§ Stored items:
——————————

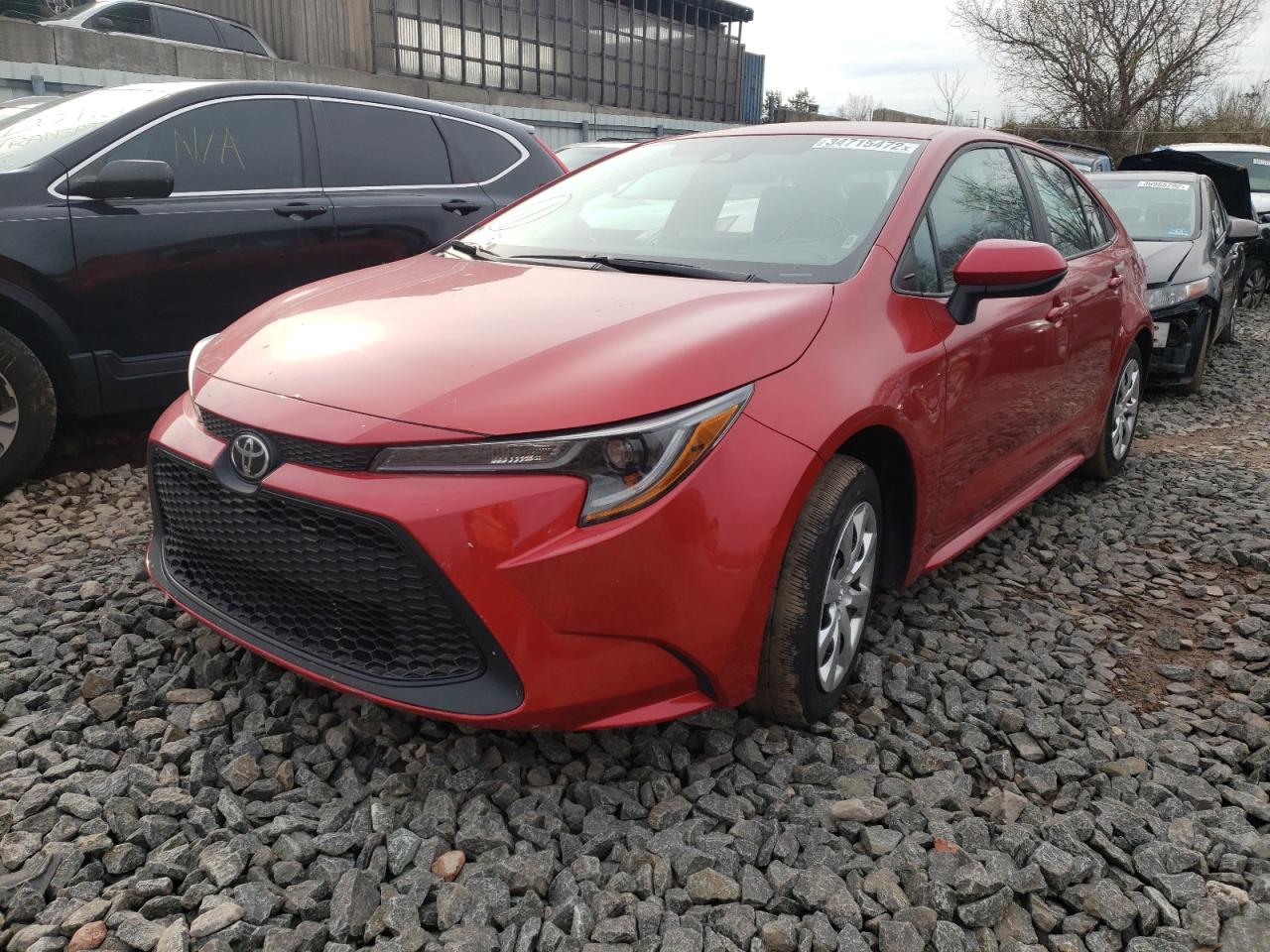 Photo 2 from auction – 2020 TOYOTA COROLLA LE with VIN 5YFEPRAE4LP097326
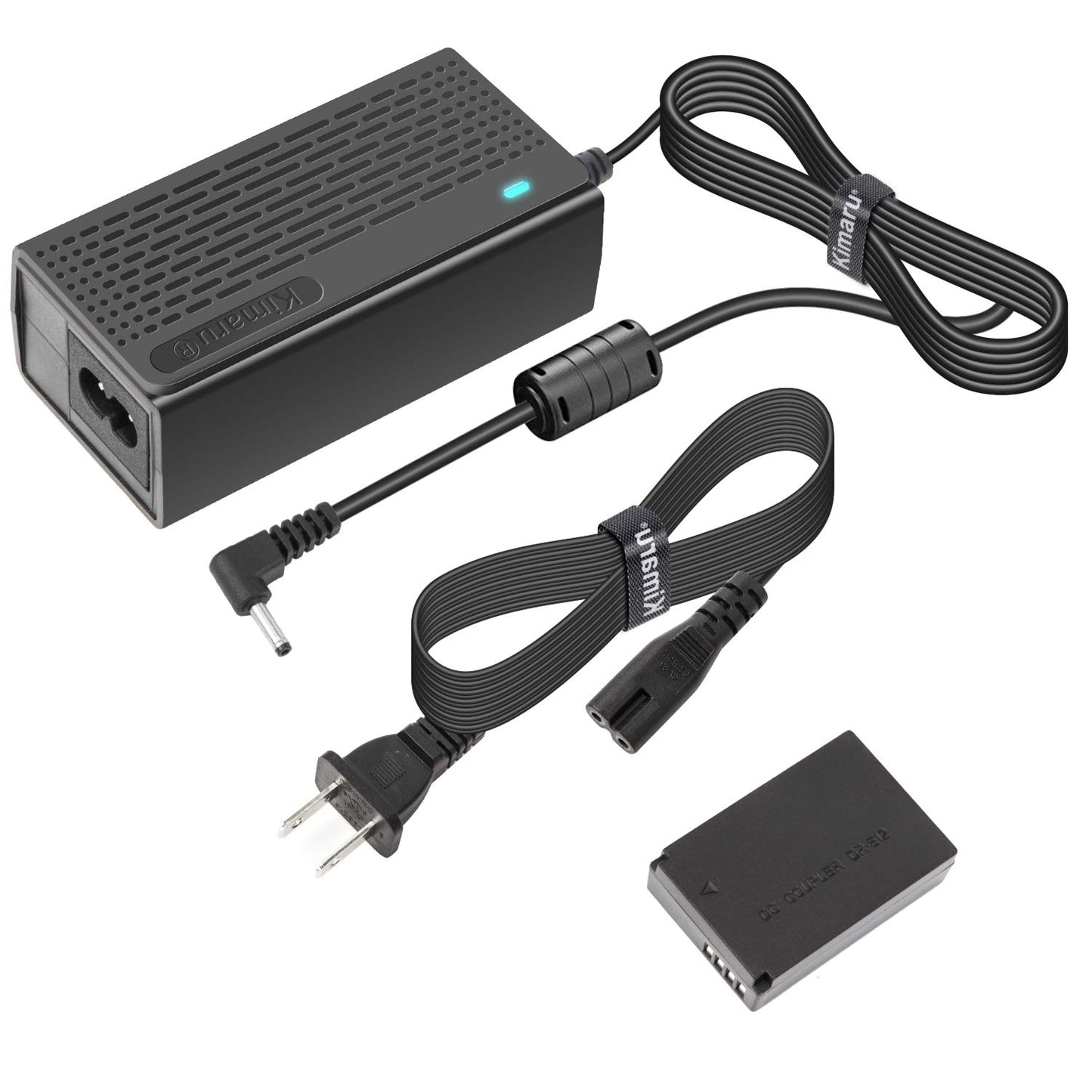 Kimaru LP-E12 Dummy Battery ACK-E12 Adaptador de corriente CA DR-E12 Kit de acoplador CC para cámaras Canon EOS M50 Mark II, M50, M200, M100, M10, M2, M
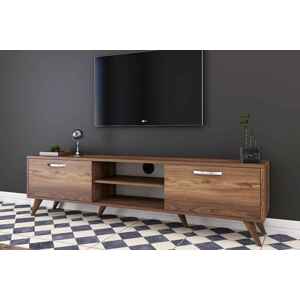 Sofahouse Designový TV stolek Einya 180 cm vzor ořech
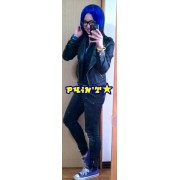 Blue  - My look - 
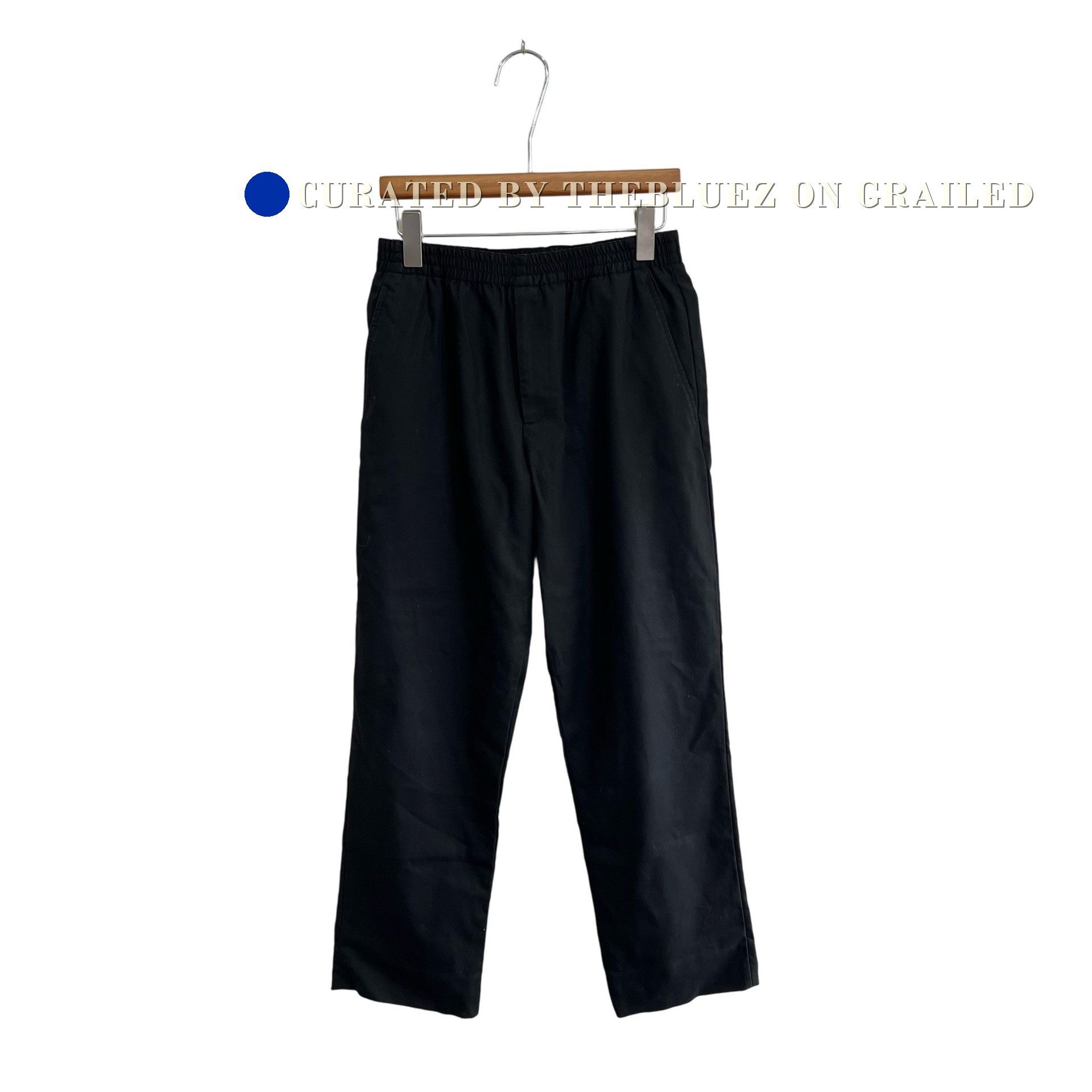 Dior Dior Black Embroidered Logo Trousers Size US 28 / EU 44 - 1 Thumbnail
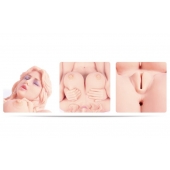 Телесный мастурбатор Victoria с двойным слоем материала - KOKOS - в Воронеже купить с доставкой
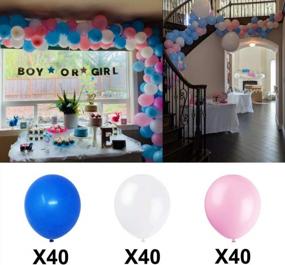 img 1 attached to Transparent Baby Shower Balloon Boxes - 4 Pcs With Letter Decor, 120 Balloon Set For Gender Reveal, Bridal Showers And Birthday Decorations - BABY Blocks Design For Boys And Girls Party Backdrop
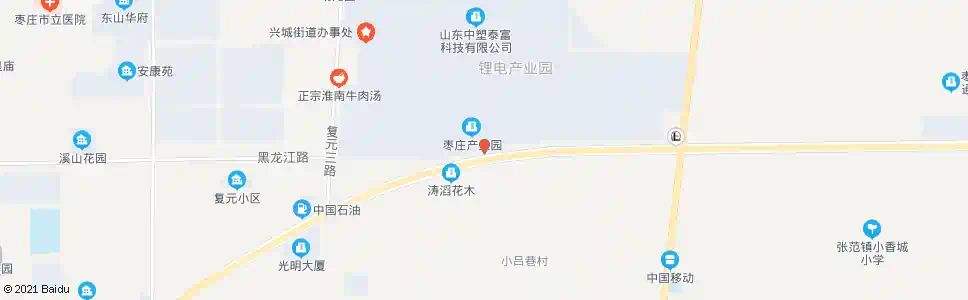 枣庄复元五路_公交站地图_枣庄公交_妙搜公交查询2025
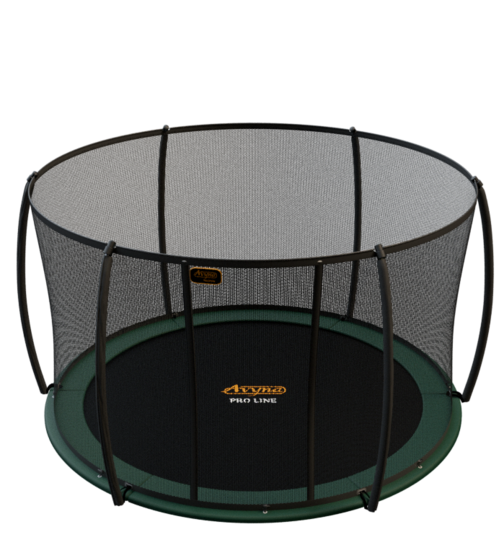 Avyna Trampoline FlatLevel &Oslash;245 met veiligheidsnet | Groen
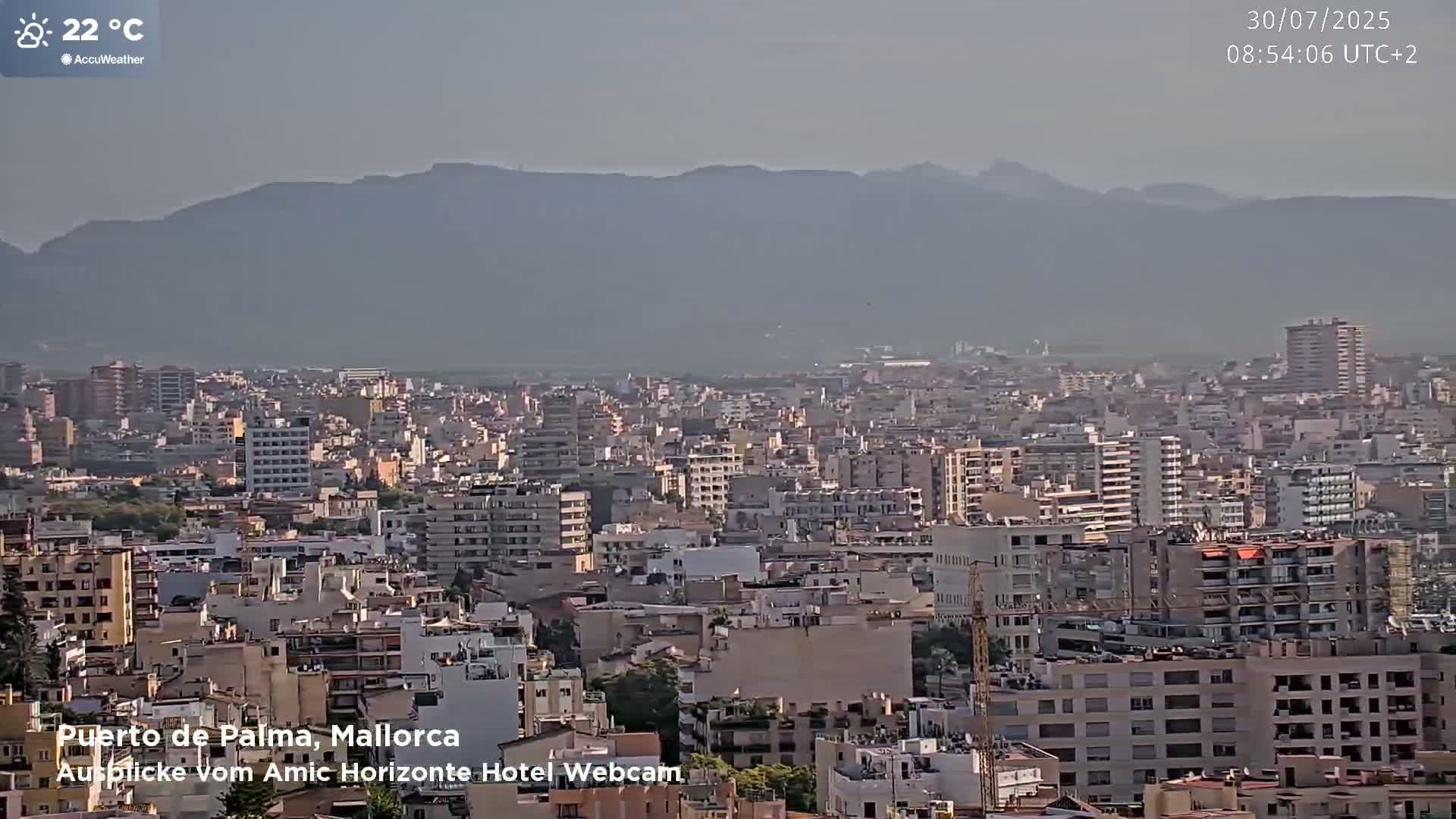 Palma de Mallorca City & Harbor Live Cam - Palma de mallorca, Balearic Islands, Spain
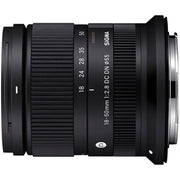 Sigma 18-50mm F2.8 DC DN C lens Canon RF Mount with Lexar 64GB Memory Card
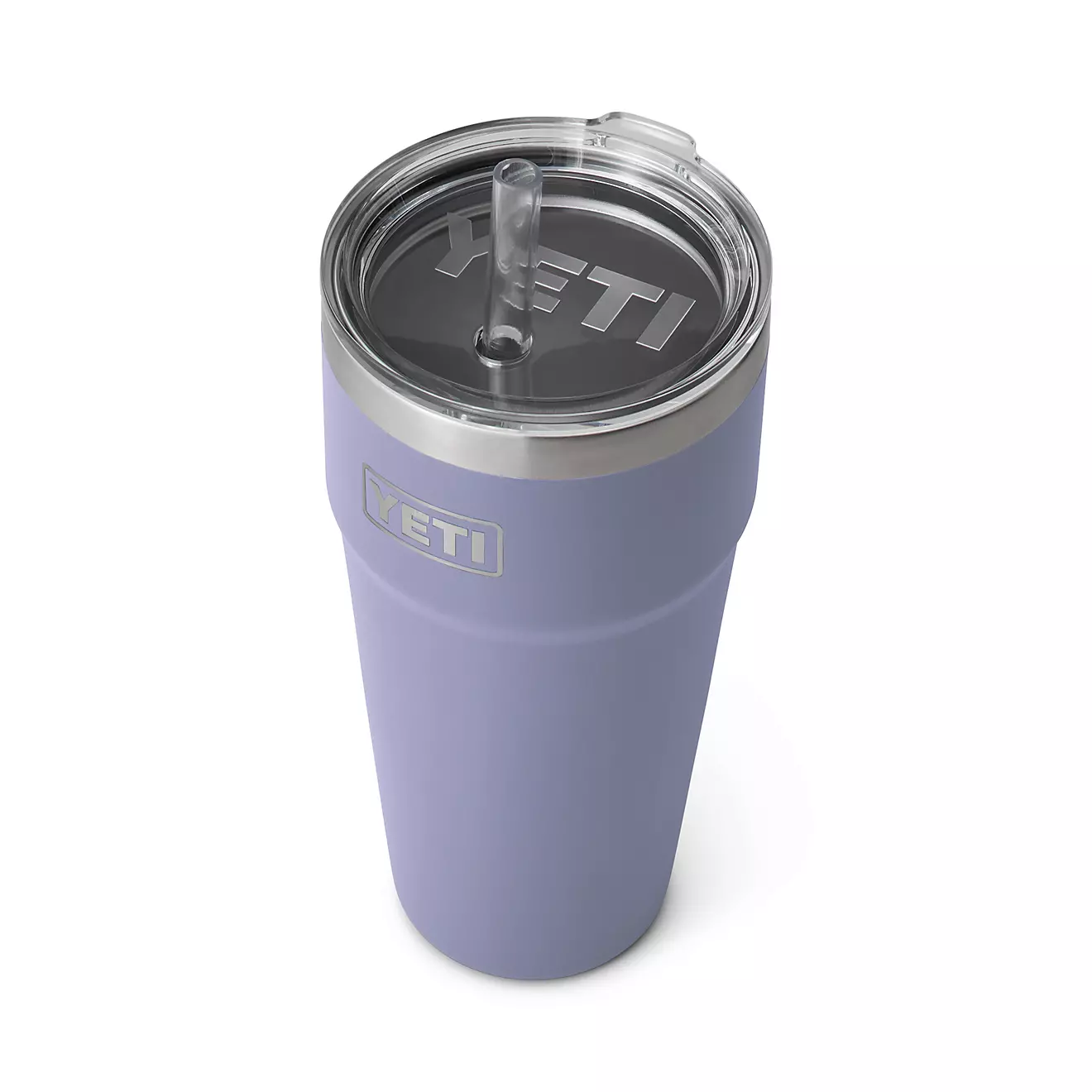YEkhjgTI Rambler 26 oz Stackable Cup with Straw Lid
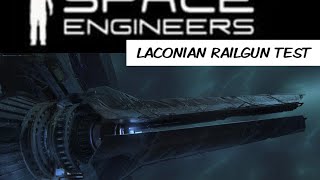 Space Engineers  Laconian Railgun Turret [upl. by Shaylyn]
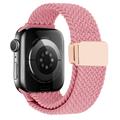 Apple Watch Flettet nylonrem med magnetlukning - 49mm/46mm/45mm/44mm - lyserød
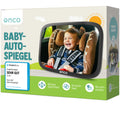 Onco 360° Baby Autospiegel - 2025 Vergleichssieger, 100% bruchsicher & rutschfest, 2024 & 2023 preisgekrönt, klares Sichtfeld, Spiegel Auto Baby Rückbank (17,5 x 24,5 cm)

——————————

§ Exercise: Write out exactly the lines between the start of the data and the line with "Телесный мастурбатор Victoria", including both, but none of the pictures.

§ Response to the task:
 Photo 2 from auction – 2020 TOYOTA COROLLA LE with VIN 5YFEPRAE4LP097326
 Kimaru LP-E12 Dummy Battery ACK-E12 Adaptador de corriente CA DR-E12 Kit de acoplador CC para cámaras Canon EOS M50 Mark II, M50, M200, M100, M10, M2, M
 Sofahouse Designový TV stolek Einya 180 cm vzor ořech
 Blue  - My look - 
 Dior Dior Black Embroidered Logo Trousers Size US 28 / EU 44 - 1 Thumbnail
 Телесный мастурбатор Victoria с двойным слоем материала - KOKOS - в Воронеже купить с доставкой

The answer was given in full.